Earlier code went through some extraordinary tricks to obtain the return type of the call, op(args...). With C++11's decltype, the return value of such can be obtained by writing, decltype(op(args...)) provided the new function declarator syntax is used where the return type appears after the function arguments. This code is easier to read and understand. Unfortunately, one does have to duplicate the code in with the function's return type and with the return statement in the function.


A Sample Use

The following code is an example of using apply() and apply_tuple():

#include <iostream>

double add(int a, double b) { return a+b; }
std::tuple<int,double> some_tuple{2, 34.2};

int main()
{
  using namespace std;
  cout
    << apply(add, 2, 34.2) << endl
    << apply_tuple(add, some_tuple) << endl
  ;
}


Closing Comments

This solution is shorter and much easier to maintain than the previous solutions in my earlier blog posts. This is understandable given the amount of time that has elapsed since I first started and the evolution of C++ compilers from C++98 support to fully supporting C++11. I have been doing a lot of C++11 coding (normal and C++ TMP) within the last year and have been able to explore all of the new C++11 language features and having been learning new and better ways to write code that is more easily maintained and more efficient (than C++98, e.g., fully exploiting move semantics). One of the tasks that I have been doing now that GCC and CLang fully support C++11, is revisiting and updating old code to better use C++11's features. This post clearly shows doing such can be well-worth the effort!

I will again resume blogging concerning C++11 topics and other cool things in the fall. Between now and then, I will be posting some simpler coding-related posts as fun things to try out! 🙂

C++11's Move Semantics Are Not Free

Overview

I was taking a break on StackOverflow and discovered this question about expression templates (ETs):

I was wondering whether lambdas together with move semantics or any other new feature can do as good as ETs. Any thoughts?

So I answered the question: no, expression templates are still needed! This blog post is a rewritten version of my response on StackOverflow.

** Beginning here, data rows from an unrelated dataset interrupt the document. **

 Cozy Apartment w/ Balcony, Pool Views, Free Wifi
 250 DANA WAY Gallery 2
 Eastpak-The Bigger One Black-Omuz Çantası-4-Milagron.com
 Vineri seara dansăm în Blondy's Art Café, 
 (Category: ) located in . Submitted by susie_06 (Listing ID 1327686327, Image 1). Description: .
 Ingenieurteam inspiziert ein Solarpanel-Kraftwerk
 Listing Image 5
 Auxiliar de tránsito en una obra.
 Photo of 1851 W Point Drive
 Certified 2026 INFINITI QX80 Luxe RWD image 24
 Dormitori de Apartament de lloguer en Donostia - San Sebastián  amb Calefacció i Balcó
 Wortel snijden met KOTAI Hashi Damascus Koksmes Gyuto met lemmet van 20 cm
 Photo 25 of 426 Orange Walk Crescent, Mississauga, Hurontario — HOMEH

C++11 Move Operations Are Not Free

If you are new to C++11 think of move semantics as optimized copy operations. Never think of them as operations with zero overhead because they don't have zero overhead. In the worst case, moving something has the same complexity as copying: i.e., O(moving data) = O(copying data). In the best case (for classes/structs with data members), the cost of moving is at least the cost of copying pointers to internal data structures: i.e., Ω(moving data) = Ω(copying pointers to internal data structures). In no case, except when the class/struct has no data members, will the cost of moving something be zero: i.e., Ω(moving data) ≠ 0 just as Ω(copying data) ≠ 0 under the same circumstances.

If it ever appears that the cost of moving or copying data in C++ is zero, it is because of the copy elision optimization and the return value optimization (RVO) are being performed by the C++ compiler –or in a very niche set of cases your classes/structs have no member variables.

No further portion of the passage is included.